What is required:
Copy nothing from the entries below except the lines from the one containing "Men’s Multi-Colour Embroidery Kurta Lavender" through the one containing "Ethereal rose monalisa stone earrings", and copy those exactly.

Data for analysis:
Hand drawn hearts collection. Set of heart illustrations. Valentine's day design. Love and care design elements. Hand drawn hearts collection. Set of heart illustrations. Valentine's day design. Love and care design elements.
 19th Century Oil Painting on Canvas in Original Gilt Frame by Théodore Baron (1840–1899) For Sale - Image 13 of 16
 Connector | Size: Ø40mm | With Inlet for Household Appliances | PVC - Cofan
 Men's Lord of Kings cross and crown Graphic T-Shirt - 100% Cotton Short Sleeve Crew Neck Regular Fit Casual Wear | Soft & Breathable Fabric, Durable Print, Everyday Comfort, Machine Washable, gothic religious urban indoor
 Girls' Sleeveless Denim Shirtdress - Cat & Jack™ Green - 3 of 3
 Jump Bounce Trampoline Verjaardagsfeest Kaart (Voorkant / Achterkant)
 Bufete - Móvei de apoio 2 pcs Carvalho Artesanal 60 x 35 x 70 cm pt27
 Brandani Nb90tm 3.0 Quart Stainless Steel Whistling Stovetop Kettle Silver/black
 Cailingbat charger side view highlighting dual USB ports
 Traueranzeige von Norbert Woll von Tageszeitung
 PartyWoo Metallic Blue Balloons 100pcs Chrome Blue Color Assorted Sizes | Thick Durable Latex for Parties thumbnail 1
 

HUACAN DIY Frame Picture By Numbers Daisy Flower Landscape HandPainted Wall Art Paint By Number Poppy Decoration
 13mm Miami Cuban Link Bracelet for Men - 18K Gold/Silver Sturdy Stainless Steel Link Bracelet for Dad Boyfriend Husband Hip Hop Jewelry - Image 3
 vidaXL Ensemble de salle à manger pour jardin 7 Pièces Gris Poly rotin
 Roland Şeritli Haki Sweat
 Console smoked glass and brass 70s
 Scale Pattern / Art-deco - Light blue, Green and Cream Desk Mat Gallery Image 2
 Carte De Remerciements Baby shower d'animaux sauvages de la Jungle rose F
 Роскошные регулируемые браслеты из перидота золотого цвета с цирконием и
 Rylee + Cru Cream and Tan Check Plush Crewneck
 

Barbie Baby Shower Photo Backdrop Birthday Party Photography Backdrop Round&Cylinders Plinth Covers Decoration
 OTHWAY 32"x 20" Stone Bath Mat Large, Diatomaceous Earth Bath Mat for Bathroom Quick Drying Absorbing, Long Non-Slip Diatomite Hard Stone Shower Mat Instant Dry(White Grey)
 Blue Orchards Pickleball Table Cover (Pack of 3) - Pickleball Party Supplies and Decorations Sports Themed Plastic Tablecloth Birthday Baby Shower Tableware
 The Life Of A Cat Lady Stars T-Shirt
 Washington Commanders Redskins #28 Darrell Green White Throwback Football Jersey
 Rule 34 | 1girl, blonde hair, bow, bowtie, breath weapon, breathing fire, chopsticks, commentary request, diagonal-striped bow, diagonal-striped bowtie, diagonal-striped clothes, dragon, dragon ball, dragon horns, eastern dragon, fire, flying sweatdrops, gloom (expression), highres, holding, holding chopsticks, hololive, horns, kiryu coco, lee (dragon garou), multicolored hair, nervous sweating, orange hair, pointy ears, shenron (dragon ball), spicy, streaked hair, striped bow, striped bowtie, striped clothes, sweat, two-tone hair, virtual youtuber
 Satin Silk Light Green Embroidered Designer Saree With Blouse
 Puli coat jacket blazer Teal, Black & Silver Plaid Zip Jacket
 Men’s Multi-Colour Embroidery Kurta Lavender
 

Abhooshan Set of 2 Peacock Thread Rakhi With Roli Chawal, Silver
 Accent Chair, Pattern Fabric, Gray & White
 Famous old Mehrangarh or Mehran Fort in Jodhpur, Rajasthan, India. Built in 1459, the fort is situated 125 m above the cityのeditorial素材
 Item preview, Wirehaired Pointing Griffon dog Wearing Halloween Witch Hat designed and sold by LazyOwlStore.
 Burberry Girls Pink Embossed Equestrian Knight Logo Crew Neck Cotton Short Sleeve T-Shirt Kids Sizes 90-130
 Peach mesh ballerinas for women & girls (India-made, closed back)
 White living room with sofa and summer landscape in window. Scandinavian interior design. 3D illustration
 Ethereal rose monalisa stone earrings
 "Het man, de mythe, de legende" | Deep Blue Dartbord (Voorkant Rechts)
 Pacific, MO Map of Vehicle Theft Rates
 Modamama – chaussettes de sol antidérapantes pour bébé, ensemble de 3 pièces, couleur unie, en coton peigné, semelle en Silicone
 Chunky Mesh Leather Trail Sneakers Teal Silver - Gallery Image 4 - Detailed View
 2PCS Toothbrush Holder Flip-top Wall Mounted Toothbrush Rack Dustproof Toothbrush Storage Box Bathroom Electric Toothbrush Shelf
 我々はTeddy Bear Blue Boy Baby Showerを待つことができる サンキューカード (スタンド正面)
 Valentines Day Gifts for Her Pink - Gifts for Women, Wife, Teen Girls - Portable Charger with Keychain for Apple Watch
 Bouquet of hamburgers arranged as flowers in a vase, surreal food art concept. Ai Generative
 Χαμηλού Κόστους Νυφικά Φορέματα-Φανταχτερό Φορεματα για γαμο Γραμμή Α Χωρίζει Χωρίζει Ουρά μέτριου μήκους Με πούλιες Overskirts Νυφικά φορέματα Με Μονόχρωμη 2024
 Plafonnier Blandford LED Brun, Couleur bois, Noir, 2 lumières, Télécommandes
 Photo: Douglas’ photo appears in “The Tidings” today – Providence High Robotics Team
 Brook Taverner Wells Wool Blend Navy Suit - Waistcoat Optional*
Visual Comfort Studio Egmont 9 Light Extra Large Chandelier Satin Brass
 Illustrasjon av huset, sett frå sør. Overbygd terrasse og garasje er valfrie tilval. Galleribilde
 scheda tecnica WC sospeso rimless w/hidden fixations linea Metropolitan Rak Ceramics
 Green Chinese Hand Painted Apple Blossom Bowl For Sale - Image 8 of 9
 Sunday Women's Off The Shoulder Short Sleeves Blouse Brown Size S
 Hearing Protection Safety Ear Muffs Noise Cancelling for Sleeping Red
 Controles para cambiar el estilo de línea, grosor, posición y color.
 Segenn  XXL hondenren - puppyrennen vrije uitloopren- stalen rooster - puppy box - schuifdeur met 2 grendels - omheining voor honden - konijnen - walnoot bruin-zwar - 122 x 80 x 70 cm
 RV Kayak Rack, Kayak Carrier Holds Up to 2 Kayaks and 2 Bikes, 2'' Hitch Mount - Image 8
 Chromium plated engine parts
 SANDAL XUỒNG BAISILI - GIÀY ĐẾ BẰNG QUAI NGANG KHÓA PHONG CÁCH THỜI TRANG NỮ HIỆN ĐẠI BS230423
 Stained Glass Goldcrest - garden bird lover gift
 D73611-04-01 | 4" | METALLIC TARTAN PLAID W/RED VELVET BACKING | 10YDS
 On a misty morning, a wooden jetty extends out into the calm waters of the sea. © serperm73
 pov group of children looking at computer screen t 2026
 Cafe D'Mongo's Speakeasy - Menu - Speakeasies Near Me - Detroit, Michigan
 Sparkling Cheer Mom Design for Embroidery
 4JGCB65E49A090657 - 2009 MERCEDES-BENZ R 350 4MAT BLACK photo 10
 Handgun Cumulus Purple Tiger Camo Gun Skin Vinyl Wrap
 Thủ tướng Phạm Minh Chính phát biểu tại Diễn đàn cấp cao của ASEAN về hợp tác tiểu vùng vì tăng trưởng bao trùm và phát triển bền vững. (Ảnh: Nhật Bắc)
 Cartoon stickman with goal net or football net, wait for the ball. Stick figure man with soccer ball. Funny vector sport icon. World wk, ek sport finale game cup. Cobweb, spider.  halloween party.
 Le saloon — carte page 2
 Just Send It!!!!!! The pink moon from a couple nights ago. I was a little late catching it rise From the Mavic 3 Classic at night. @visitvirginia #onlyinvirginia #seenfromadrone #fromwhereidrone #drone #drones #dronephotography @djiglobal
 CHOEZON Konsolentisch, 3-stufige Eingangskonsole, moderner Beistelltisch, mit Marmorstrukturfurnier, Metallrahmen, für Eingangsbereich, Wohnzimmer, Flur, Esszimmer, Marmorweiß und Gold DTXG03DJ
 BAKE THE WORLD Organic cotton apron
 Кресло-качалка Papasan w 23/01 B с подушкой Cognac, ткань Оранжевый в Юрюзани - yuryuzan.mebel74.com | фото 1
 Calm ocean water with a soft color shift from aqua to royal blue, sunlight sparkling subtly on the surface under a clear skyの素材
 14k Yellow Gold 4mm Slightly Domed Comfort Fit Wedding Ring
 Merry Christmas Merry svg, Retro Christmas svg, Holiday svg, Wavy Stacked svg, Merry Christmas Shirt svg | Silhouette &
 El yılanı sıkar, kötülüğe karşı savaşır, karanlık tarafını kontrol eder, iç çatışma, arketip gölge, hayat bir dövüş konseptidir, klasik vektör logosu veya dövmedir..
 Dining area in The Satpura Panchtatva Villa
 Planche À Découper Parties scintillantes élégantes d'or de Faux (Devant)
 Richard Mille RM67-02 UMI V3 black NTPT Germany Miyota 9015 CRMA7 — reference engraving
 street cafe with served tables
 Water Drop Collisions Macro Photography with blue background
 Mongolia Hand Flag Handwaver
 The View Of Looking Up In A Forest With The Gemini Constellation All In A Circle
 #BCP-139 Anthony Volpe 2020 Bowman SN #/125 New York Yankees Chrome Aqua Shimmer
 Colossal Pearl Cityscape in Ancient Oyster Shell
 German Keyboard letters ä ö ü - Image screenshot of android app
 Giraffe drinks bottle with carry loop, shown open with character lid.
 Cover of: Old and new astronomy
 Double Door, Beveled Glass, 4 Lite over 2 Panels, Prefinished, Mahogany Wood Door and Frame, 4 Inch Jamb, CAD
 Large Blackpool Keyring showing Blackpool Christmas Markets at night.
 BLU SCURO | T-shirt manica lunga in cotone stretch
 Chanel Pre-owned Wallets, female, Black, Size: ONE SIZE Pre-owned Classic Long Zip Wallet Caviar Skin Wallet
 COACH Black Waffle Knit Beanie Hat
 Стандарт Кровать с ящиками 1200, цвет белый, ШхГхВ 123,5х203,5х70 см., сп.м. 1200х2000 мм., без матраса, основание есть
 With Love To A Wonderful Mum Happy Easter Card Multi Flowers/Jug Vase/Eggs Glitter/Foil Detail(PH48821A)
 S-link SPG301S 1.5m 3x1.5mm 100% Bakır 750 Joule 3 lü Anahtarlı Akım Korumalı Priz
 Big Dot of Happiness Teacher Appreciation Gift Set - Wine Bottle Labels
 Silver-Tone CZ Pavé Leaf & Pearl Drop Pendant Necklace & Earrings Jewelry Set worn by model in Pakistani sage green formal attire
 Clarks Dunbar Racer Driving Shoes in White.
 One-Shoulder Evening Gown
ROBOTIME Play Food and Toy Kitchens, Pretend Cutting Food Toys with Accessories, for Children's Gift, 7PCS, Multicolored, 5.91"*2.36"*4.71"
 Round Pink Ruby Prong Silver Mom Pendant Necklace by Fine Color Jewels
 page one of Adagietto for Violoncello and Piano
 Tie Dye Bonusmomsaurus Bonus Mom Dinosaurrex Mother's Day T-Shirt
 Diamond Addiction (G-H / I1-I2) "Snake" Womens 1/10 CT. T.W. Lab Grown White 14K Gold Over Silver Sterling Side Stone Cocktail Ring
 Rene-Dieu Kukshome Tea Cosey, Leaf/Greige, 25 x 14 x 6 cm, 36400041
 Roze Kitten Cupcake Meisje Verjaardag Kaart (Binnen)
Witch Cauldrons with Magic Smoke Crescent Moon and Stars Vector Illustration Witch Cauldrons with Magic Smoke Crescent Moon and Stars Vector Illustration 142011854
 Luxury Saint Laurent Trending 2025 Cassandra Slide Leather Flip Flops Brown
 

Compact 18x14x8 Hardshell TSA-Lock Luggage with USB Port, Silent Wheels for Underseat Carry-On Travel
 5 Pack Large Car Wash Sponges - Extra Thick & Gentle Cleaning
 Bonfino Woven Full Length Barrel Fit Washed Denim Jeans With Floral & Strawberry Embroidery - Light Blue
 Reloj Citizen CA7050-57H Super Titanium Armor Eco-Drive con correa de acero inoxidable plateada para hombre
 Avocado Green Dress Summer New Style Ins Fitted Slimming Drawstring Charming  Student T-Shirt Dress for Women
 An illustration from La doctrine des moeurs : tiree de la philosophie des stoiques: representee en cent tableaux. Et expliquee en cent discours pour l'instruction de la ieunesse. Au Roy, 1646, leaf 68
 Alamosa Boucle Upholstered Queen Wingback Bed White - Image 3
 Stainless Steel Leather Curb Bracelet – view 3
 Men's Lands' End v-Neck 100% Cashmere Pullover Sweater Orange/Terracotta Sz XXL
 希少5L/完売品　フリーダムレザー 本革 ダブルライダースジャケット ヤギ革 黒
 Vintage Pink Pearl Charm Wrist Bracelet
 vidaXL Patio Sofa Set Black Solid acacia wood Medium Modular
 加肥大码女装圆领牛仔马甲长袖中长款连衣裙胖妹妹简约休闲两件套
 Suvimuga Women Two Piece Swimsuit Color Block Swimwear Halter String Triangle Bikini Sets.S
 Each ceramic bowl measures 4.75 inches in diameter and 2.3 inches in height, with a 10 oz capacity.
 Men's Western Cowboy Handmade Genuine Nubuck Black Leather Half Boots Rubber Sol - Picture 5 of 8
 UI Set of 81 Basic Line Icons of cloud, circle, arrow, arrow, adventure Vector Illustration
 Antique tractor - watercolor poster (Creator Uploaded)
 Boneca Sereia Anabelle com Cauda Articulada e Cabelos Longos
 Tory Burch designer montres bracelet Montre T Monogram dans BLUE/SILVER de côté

Expected output:
 Men’s Multi-Colour Embroidery Kurta Lavender
 

Abhooshan Set of 2 Peacock Thread Rakhi With Roli Chawal, Silver
 Accent Chair, Pattern Fabric, Gray & White
 Famous old Mehrangarh or Mehran Fort in Jodhpur, Rajasthan, India. Built in 1459, the fort is situated 125 m above the cityのeditorial素材
 Item preview, Wirehaired Pointing Griffon dog Wearing Halloween Witch Hat designed and sold by LazyOwlStore.
 Burberry Girls Pink Embossed Equestrian Knight Logo Crew Neck Cotton Short Sleeve T-Shirt Kids Sizes 90-130
 Peach mesh ballerinas for women & girls (India-made, closed back)
 White living room with sofa and summer landscape in window. Scandinavian interior design. 3D illustration
 Ethereal rose monalisa stone earrings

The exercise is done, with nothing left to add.